I’m mostly a Shrek fan, because the whole message that beauty is found on the inside is communicated in an original and effective way. The final makeunder when Fiona transforms into an ogre is well done. I’m so sick of the “beauty and the beast” scenario repeated ad infintum in kids movies and adult ones (see latest Judd Apatow flick) where the overwieght, dorky stoner scores the beauty. I do look forward to the day when the hot guy falls for the “ugly” or fat girl– in cartoon world and the grown up one– because her humor or brains make her so compelling. But at least two beasty green creatures in love is one step in that direction.

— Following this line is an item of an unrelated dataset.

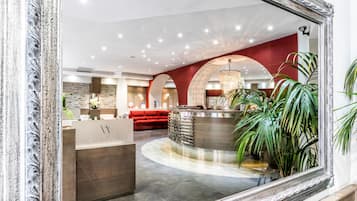 Welcome to our hotel lobby, featuring a central reception desk and comfortable seating area.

I have my other complaints about Shrek: he’s the star in his eponymous movie, and Fiona’s storyline is the typical princess scenario culminating with the marriage and happily ever after.

I was most disappointed with Shrek 3 where Fiona’s part is drasticaly reduced, becoming primarily a father/ son story, with Justin Timberlake as the new co-star. Now I know what was happening when Fiona was MIA. Fiona’s Fairy-tale Five is about the drama back at the castle when Shrek went off on his (very male) quest to find an heir.

Fiona is home having a baby shower with her friends Snow White, Sleeping Beauty, Rapunzel etc when Prince Charming storms the castle, trying to stage a coup. The princesses must stop the festivities and defend the castle. Charming is one of my favorite movie bad guys; I love how his suaveness comes off as smarmy and how he’s so un-charming. The story shows the gang of princesses work together (rare to get to see princesses in any kind of group and functioning as a team) to vanquish Charming. It’s fun to see all the princesses in one story and also totally consistent with the Shrek movies which always feature mutiple fairy tale characters meeting up. I think this flimsy book would make a great movie, so much better than boring Shrek 3.

All the princesses surprise themselves and each other, becoming brave heroines. I especially like how Sleeping Beauty snaps out of her daze with some awesome fight moves and when Fiona’s mom says to her, “You didn’t actually think you got these fighting skills from your father, did you?”